Many challenges stemming from the history of colonization and trauma are widespread in First Nations Peoples. First Nations Peoples in Canada face many health challenges that are nutrition-related (i.e., NRCD). It is therefore important to evaluate their diet with an aim to find culturally appropriate ways to improve health (Batal et al. 2021c). One such project took place with the Nuxalk Nation in British Columbia in the early 1980s where they were able to improve the traditional food intake and nutritional profile (Turner et al. 2013).

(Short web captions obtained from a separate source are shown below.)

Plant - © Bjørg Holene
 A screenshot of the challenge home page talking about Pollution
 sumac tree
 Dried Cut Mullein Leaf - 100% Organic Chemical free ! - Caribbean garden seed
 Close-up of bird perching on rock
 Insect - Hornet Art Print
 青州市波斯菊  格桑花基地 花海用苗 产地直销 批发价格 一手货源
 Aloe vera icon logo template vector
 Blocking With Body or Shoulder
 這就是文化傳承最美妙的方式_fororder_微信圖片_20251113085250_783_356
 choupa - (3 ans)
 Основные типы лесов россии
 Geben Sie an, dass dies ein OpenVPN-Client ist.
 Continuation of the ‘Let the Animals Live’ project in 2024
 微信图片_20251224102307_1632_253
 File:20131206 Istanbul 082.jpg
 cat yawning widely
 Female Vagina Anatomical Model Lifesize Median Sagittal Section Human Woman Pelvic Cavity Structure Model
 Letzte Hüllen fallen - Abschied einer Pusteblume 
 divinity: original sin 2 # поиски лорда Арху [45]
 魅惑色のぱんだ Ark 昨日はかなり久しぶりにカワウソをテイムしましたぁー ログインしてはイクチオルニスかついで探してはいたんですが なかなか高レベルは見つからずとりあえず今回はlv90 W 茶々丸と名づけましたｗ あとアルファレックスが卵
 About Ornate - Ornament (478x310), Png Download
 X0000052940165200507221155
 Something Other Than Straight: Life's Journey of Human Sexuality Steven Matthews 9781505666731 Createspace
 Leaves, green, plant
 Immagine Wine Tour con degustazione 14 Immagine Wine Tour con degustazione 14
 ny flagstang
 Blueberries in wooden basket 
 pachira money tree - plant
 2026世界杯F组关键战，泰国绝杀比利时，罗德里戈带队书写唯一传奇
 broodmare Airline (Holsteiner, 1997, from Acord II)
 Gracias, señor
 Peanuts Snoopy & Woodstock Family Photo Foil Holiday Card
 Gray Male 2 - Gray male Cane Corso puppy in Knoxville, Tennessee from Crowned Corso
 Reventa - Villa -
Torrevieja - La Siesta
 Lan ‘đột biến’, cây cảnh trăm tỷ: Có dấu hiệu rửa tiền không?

Despite the challenges (i.e., financial constraints, food insecurity, reduced access to healthy MF, reduced access to TF, and the contaminant burden of TF) (Willows et al. 2019), it is imperative that First Nations communities be empowered to collaboratively partner with their health practitioners to develop realistic goals for improving food sovereignty. To this end, we propose that future methods look at dietary patterns as a means to finding realistic and culturally appropriate recommendations to better the quality and nutritional value of First Nations food intake by improving TF access and use on the one hand and providing better quality store-bought foods on the other (Willows et al. 2019). To their benefit, some communities have already instituted programs to support and enhance the sustainable harvesting of TF (Cree Hunters and Trappers Income Security Board 2017; Syilx Okanagan Nation Alliance 2017).